→ WORK TO COMPLETE: The answer should consist of each line from the data below that includes "Toronto".

%%

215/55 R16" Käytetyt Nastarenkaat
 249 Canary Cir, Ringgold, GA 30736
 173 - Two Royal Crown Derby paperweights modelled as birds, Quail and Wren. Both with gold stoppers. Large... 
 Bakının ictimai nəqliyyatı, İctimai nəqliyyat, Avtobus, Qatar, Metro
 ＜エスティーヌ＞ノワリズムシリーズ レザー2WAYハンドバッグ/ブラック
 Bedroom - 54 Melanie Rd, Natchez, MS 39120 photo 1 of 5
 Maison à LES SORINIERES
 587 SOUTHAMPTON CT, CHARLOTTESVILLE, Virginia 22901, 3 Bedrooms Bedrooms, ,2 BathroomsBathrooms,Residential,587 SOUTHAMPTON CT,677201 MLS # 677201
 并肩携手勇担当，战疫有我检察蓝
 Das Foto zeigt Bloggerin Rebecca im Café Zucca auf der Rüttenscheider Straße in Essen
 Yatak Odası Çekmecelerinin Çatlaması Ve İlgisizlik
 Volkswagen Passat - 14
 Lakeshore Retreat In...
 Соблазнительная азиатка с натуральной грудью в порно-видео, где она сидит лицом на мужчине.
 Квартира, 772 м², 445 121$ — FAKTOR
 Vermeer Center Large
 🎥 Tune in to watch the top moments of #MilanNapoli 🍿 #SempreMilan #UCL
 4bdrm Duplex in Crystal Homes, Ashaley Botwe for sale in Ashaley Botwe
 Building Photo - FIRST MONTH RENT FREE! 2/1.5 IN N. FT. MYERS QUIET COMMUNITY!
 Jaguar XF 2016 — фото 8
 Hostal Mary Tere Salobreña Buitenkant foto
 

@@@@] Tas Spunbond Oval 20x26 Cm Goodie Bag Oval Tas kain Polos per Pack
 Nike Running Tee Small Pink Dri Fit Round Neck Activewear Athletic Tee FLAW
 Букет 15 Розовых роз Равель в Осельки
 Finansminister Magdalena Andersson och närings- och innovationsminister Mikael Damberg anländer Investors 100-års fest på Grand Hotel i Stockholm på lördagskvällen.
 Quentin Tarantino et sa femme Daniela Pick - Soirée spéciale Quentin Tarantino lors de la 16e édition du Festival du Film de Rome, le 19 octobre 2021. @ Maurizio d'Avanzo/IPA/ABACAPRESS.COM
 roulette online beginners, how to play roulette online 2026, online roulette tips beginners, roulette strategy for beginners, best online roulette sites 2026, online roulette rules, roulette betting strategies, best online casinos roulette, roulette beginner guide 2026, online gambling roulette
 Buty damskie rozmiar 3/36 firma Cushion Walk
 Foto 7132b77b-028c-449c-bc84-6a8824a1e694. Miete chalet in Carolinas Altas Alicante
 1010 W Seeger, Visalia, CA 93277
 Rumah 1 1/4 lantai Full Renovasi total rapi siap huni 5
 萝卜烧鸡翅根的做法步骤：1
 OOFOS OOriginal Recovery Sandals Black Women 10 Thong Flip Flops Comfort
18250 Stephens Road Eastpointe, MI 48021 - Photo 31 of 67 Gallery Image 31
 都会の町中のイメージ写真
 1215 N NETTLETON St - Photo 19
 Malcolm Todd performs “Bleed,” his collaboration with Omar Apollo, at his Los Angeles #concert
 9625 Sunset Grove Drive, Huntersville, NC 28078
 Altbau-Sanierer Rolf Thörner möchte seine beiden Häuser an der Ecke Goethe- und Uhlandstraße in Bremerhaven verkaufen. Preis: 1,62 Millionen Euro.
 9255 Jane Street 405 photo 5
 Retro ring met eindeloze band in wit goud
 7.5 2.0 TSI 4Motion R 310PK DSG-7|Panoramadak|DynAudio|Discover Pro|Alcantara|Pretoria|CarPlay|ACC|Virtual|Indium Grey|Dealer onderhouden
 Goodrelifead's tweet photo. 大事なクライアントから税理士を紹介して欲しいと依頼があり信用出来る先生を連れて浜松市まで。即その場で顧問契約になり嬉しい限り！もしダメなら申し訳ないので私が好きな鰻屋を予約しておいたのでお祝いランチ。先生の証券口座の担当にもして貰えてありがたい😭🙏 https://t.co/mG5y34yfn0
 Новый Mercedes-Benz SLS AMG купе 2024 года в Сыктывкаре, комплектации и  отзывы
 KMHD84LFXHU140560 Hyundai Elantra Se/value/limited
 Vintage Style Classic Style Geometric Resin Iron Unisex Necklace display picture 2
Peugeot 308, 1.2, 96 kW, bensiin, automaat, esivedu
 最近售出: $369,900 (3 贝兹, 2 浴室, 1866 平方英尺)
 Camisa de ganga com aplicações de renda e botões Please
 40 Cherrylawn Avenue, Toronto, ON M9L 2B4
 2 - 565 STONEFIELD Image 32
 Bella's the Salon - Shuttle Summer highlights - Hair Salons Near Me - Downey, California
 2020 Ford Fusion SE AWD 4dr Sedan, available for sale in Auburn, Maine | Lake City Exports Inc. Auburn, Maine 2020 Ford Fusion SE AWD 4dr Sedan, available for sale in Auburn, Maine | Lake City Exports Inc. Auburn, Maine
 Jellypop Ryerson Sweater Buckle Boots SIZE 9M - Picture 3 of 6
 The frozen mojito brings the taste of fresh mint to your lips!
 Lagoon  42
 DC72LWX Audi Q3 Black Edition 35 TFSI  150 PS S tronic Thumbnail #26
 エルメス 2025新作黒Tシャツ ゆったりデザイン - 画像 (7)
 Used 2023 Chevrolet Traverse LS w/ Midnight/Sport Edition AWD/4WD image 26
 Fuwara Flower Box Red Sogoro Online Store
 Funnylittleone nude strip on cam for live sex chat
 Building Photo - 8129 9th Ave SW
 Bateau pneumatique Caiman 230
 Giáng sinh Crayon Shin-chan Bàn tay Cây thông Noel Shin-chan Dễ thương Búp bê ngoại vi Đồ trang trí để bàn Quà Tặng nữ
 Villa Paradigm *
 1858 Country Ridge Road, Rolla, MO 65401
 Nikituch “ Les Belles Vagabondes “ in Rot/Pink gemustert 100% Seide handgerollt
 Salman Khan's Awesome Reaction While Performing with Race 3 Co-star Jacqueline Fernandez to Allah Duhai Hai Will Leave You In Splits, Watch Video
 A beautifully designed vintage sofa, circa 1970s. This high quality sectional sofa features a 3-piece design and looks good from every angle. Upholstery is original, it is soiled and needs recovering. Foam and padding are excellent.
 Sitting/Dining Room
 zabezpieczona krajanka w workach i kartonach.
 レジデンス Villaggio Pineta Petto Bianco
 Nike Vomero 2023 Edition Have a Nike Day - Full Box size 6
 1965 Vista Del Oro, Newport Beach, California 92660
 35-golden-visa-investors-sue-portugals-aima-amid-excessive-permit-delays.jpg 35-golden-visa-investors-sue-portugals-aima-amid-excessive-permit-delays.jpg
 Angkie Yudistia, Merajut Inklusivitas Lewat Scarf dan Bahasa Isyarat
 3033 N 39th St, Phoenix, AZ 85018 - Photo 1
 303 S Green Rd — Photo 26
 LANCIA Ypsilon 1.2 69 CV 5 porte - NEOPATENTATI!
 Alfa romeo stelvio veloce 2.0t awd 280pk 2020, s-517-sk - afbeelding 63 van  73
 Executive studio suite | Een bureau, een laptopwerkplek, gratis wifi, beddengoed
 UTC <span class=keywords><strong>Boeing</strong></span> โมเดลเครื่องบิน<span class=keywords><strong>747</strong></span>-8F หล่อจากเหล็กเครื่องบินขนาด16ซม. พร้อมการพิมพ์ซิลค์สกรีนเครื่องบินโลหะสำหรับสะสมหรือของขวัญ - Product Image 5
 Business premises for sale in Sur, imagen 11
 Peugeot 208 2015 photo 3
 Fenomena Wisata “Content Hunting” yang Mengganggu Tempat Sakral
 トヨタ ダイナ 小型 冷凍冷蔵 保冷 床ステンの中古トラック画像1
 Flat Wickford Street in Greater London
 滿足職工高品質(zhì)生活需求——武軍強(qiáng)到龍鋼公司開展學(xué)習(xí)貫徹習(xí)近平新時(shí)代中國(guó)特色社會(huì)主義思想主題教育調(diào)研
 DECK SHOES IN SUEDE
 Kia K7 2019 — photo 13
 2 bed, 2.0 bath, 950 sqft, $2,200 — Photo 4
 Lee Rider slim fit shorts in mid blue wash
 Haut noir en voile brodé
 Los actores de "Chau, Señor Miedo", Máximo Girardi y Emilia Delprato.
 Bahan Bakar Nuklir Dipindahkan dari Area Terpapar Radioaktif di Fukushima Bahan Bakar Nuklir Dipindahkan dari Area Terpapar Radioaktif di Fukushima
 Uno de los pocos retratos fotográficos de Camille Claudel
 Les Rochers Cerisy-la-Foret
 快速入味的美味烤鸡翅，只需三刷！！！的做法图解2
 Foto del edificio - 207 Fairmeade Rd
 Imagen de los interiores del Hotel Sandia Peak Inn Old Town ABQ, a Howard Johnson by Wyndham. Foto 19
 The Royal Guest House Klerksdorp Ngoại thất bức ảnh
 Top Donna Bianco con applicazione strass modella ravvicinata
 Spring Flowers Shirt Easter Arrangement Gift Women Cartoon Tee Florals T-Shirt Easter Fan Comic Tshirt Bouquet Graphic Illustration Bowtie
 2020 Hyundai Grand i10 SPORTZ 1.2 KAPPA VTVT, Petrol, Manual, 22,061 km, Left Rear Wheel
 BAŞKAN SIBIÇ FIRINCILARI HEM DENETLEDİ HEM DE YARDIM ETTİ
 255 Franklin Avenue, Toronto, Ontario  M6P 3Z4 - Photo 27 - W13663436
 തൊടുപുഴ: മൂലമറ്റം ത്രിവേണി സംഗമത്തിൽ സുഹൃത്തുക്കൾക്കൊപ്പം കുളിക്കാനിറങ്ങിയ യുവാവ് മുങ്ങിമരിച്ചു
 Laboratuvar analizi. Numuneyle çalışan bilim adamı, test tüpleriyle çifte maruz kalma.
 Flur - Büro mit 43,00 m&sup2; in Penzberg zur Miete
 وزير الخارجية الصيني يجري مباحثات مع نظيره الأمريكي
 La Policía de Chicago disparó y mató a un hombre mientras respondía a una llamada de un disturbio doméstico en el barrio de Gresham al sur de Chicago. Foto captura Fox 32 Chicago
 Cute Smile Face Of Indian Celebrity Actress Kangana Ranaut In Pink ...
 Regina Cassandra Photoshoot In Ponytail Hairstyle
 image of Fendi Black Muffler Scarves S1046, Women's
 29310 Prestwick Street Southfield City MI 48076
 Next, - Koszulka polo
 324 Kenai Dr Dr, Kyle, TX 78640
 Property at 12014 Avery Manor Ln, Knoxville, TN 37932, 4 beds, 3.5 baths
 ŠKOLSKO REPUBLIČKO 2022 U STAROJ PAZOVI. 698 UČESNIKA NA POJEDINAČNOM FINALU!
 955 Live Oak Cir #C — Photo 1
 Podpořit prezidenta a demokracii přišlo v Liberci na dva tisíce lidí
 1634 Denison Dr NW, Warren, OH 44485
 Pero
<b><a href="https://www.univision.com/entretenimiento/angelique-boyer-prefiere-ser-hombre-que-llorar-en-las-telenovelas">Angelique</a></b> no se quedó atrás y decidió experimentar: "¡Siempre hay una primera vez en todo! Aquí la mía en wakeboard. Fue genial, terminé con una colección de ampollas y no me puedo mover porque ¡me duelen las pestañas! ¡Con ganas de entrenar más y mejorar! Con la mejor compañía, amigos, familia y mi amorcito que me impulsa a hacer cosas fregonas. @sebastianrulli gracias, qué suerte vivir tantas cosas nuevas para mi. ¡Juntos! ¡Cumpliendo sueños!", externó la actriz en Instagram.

%%

→ SOLUTION BELOW:
 40 Cherrylawn Avenue, Toronto, ON M9L 2B4
 255 Franklin Avenue, Toronto, Ontario  M6P 3Z4 - Photo 27 - W13663436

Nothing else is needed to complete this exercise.